• _ACTIVITY_
In the records below, pick out all lines containing the word "photo".

##### SUPPLIED RECORDS #####

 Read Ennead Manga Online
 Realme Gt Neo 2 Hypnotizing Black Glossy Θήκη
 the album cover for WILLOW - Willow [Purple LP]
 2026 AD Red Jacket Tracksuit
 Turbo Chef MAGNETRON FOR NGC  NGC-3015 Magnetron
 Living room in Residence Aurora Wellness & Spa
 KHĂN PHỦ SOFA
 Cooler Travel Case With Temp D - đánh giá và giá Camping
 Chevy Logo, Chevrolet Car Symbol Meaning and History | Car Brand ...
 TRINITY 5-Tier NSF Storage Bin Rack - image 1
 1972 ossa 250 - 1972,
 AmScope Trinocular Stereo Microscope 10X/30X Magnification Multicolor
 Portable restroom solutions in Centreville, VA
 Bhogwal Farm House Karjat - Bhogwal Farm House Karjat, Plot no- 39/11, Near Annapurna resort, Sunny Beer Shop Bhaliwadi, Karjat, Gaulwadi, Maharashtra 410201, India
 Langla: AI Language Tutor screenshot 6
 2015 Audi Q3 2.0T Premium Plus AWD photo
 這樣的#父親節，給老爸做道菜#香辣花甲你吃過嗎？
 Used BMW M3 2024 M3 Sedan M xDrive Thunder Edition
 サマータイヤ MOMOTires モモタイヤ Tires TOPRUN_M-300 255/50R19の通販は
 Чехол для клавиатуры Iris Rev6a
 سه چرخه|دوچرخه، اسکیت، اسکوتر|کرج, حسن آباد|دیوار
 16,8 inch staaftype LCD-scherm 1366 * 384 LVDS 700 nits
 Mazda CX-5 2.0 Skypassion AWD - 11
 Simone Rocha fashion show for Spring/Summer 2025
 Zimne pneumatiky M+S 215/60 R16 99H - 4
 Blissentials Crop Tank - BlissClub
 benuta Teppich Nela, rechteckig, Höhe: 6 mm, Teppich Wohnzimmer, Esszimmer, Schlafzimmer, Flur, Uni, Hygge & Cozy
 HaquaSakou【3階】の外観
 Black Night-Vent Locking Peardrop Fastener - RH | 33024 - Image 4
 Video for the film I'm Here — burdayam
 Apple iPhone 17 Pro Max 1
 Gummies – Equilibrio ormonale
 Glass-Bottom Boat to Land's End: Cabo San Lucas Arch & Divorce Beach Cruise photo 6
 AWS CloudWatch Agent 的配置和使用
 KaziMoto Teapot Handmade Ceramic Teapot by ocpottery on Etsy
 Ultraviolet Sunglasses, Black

#####

• _TASK ANSWER_
 2015 Audi Q3 2.0T Premium Plus AWD photo
 Glass-Bottom Boat to Land's End: Cabo San Lucas Arch & Divorce Beach Cruise photo 6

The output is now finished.